The fan drill is a popular drill when it comes to setting, it may have different names, but the description is usually the same. The coach or helper will toss a high ball towards the player who is in the setter’s position close to the net.
The player setting will move to the ball and set it down the net to a player standing on the end, where a hitter would normally be. This is their target for the set.
The player in the hitter’s position will catch the ball and then bring the ball to their coach. They place the ball on the coach’s hip so they do not have to break eye contact with the players as the drill is going.
The player, after handing the coach the ball, will then run around and get in line to be a setter.
The drill sounds pretty simple, and it is. For beginners you will end up just tossing a high ball to them and getting them to work on the setter’s hand frame as well as getting them to send a high controlled ball to the hitter’s spot.
As practices progress, you may notice that you can advance the drill a little. At this point you can toss the ball away from the setter, forcing them to move more to get to the ball and get under it.

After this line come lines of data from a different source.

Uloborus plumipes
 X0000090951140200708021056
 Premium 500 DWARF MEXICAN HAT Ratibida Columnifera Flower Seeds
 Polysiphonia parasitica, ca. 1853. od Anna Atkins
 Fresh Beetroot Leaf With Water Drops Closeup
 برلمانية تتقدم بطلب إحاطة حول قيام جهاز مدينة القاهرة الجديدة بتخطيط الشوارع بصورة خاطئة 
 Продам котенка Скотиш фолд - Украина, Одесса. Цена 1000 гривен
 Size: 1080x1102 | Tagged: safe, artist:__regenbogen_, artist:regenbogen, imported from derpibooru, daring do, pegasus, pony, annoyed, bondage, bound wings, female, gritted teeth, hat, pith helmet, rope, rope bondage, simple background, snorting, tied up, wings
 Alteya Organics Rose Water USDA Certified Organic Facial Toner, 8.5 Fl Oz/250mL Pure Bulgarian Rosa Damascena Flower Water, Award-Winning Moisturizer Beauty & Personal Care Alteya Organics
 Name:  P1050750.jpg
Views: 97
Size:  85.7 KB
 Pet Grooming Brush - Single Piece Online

Spiking may not be on your main priority list for a new team who is learning. However, these can be fun volleyball drills for middle school players to start learning.
Almost all spiking drills will happen at the spike line close to the net. Players will line up and take turns approaching the net, waiting for a set and then following through with a spike.
To make the drill go faster, have each player bring their own ball. They will toss the ball to the person in the setter position, the ball will then be set back to them and they will approach and spike. After the ball goes over the net, the person spiking will chase it down and get back in line.
The spiking drill is also a great time to work on your setters. Let them rotate in and set a few times for the players who are hitting.
For middle school volleyball practice plans you may not have specific hitters for outside and middle hitting. You can line the hitters up on the outside, then shift the line to the middle hitter area. Finally, move the line to the other side of the court.
This will allow the players to get a feel for spiking in different areas on the court.
While most practices will end with some on the court scrimmage time, there are a few drills you can use to create a more concentrated scrimmage atmosphere. This allows everyone to get a turn at hitting and working together.
A favorite game drill you can play is Queen of the Court. This drill is a three on three match, where the winner of the set gets to go on the other side of the court to wait to be defeated by the next group. If they win again then they stay on the back side until a group can defeat them.
The best part about this drill is that it is very basic. The only real rule is that you have to defeat the other team. This allows coaches to create their own set of rules for queen of the court to help players work on areas that they need.
For middle schoolers, you will want to keep it simple yet engaging for them. Since they are learning ball movement and control, you can state the rules are 2-3 hits to get it over. If they send it over in one hit or fail to get all three hits per the rules, then they are out.
You can also implement they do three hits and that each player can only hit the ball once. This is an excellent exercise in getting them to communicate to each other. They find out who has hit the ball and who needs to make the final hit over.
A competitive game against their teammates is a great way to get your players focused. It also is a serious mindset to do whatever it takes to win.
These five volleyball drills for middle school are a great way to get your players moving on the court and learning how to control the ball.
As you work through the drills, make sure you encourage your players to switch partners during pair ups. This is a great way to help your team learn about each other and not have certain cliques within the group. It is also good because more advanced middle school players can help the newer ones with technique and encouragement when they are paired together.